Introduction
When setting up a Web-based journey planner that takes into account individual user needs, developers are confronted with the daunting prospect of integrating heterogeneous datasets. Industry players provide an alternative solution to these complexities, by providing services on top of their datasets that are centralized in one location. They are able to provide a solution for the ~80% of the world-wide needs and build a business around that. When trying to cater to the remaining 20%, industrial route planners are quickly confronted with diminishing returns of integrating more datasets. Take for example use cases of (i) people owning a foldable bike and the ability to take their bike on public transport, (ii) companies trying to find an optimal delivery route for their delivery service where some vehicles cannot pass through low emission zones, (iii) routes based on the real-time state of traffic control systems and probability to hit a green light, or (iv) people with special constraints or disabilities. For each of these four use cases, extra datasets are needed to calculate these end-user specific routing graphs. Such datasets are published by different organizations that often publish them openly, thanks to strategic goals or legal mandates. Every route planner will somehow need to compile their own sources over which they can execute their own route planning algorithm.

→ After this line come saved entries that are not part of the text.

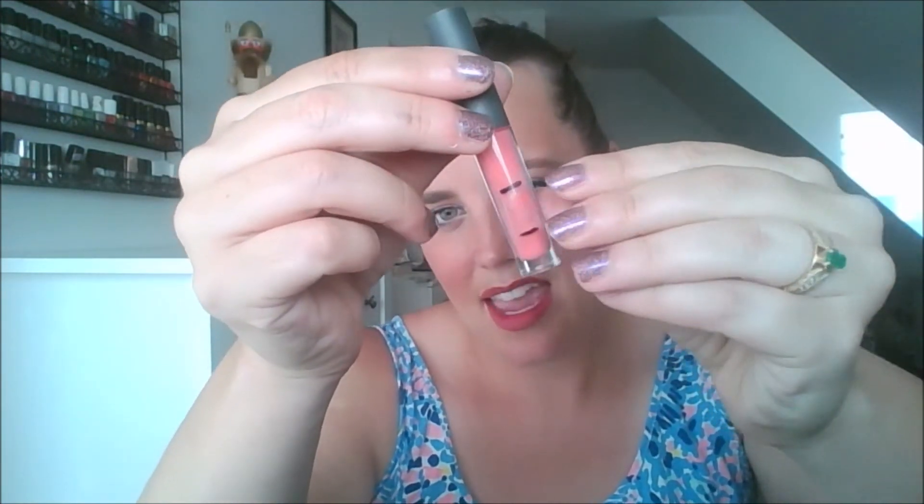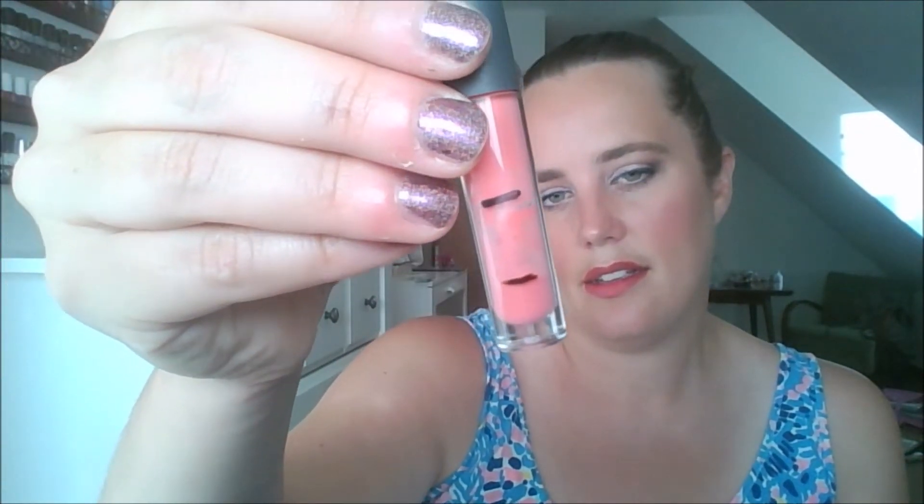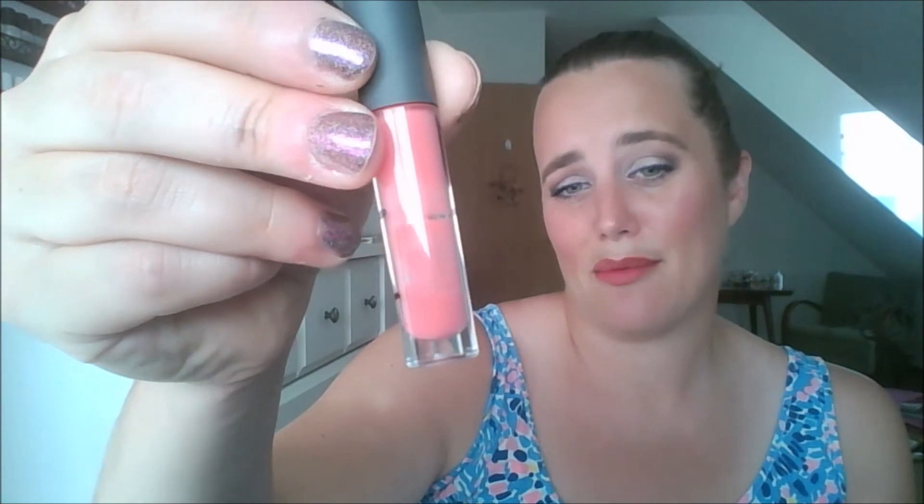The other lip product I'm 100% sure I'll have no issue finishing is the Bite Beauty Luscious Fruit Lip Gloss in the shade Papaya. Last month I was way up here, but I've been really focusing on this one, and I'm all the way to the bottom now. This is going to be gone really, really soon — I give it about a week, or three days if I really focus. I have it on my lips today over a liquid lipstick.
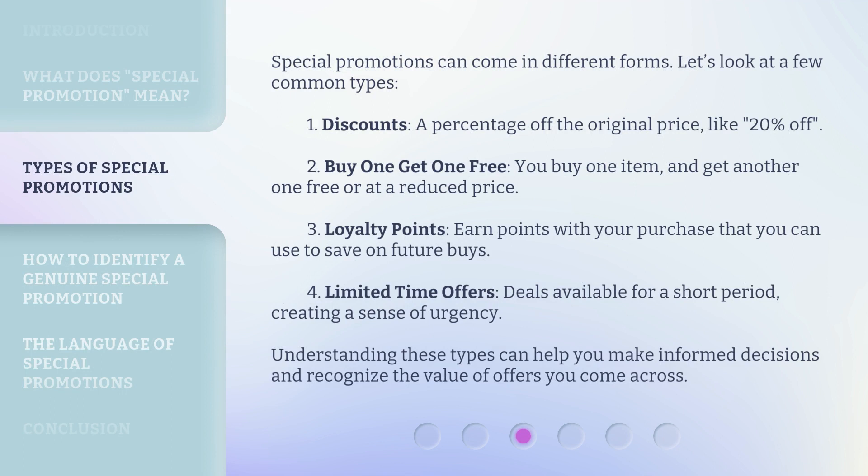Special Promotions can come in different forms. Let's look at a few common types. You buy one item and get another one free or at a reduced price. Loyalty points — earn points with your purchase that you can use to save on future buys. Limited time offers — deals available for a short period, creating a sense of urgency. Understanding these types can help you make informed decisions and recognize the value of offers you come across.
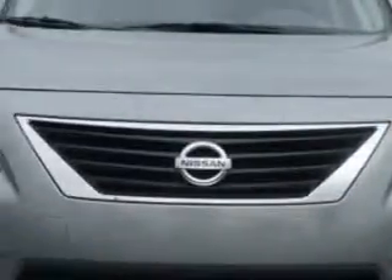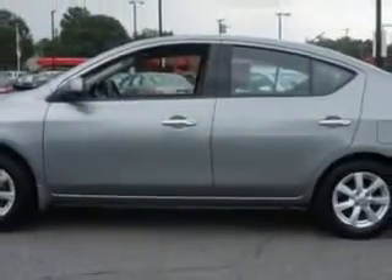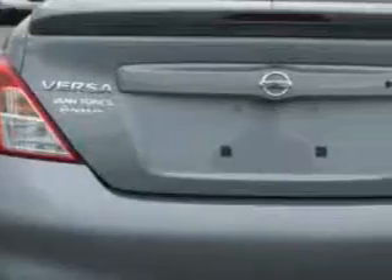You will love this magnetic gray 2014 Nissan Versa, equipped with a 4-cylinder engine and a CVT transmission. Enjoy an exceptional 40 miles to the gallon on this great car with features like side airbag system, anti-lock braking system, intermittent wipers, and much more.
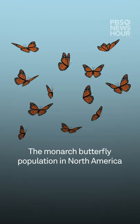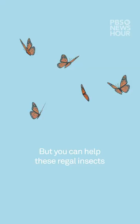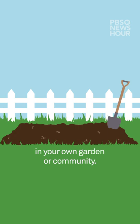One of the most iconic butterflies in the world is now endangered. The monarch butterfly population in North America has been declining rapidly for decades. But you can help these regal insects in your own garden or community.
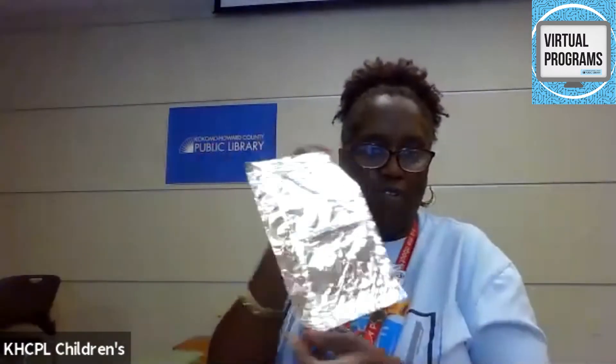In your packet you will find some foil — you want to fold it in half and make a boat. Once you have your boat made, you want to test it and see if it holds weight. Take two or three pennies and see if it'll float to help Rapunzel get to the other side. That's our first story.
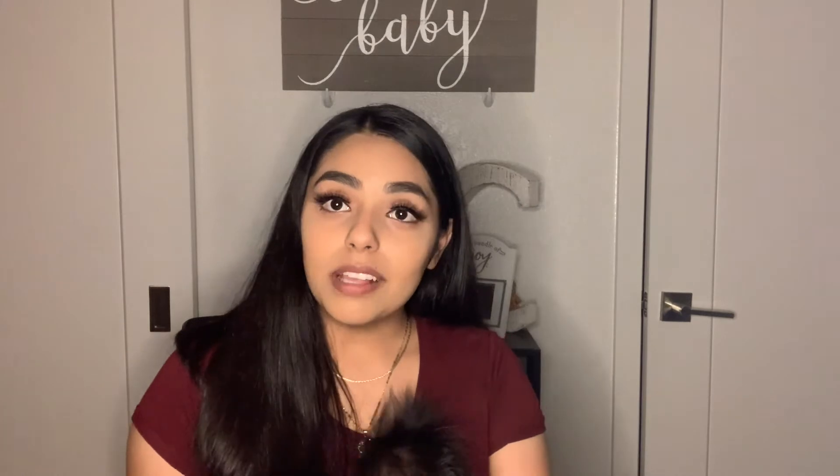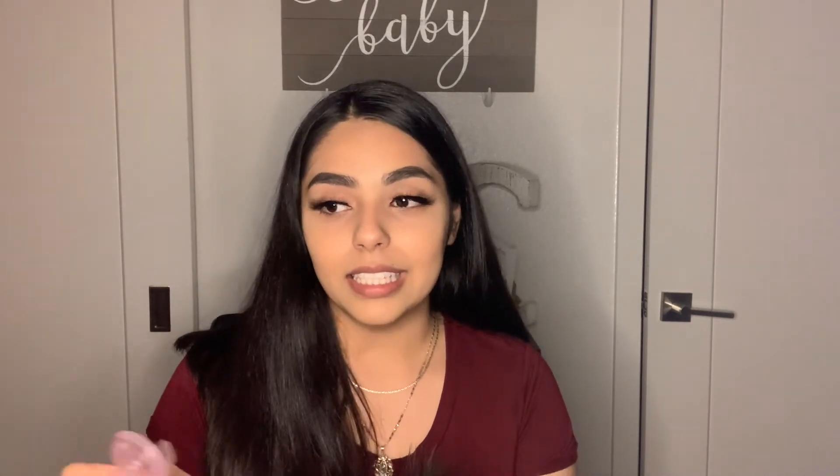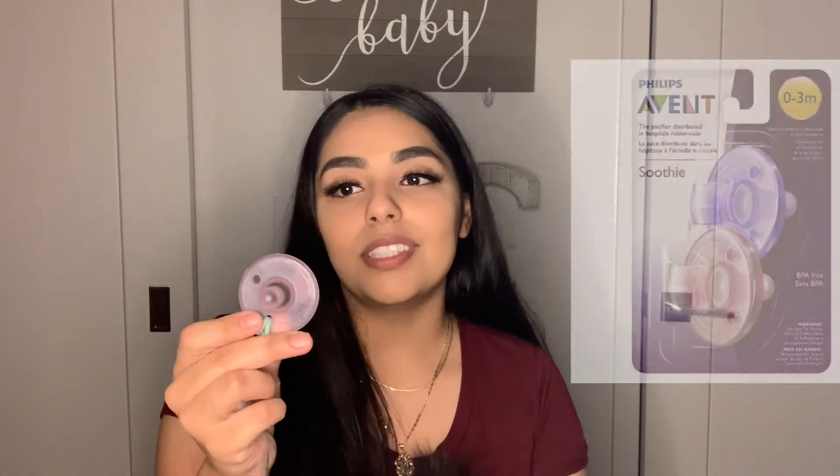I'd recommend a pacifier and pacifier clip. I ordered some new pacifier clips from Amazon — Amazon is my best friend, especially after just having her. She was gifted Avent pacifiers and I also tried Tommee Tippee pacifiers but she hated those. She really loves the Avent ones, and the pacifier clips I just got go with them perfectly. Without these clips, I would have lost those pacifiers a long time ago.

In this paper, we aim to automate data adoption in route planners. As a first step, we introduce Routable Tiles. This is a hypermedia specification for geospatial road networks. In this specification, we republished all the roads in OpenStreetMap. In the next section we will see that the ideas behind Routable Tiles itself is not novel. The contribution of this paper lies in applying the geospatial indexing idea from the database world to Web APIs, introducing an ontology for describing geospatial hypermedia controls, and launching this world-wide dataset as a resource to the Semantic Web community.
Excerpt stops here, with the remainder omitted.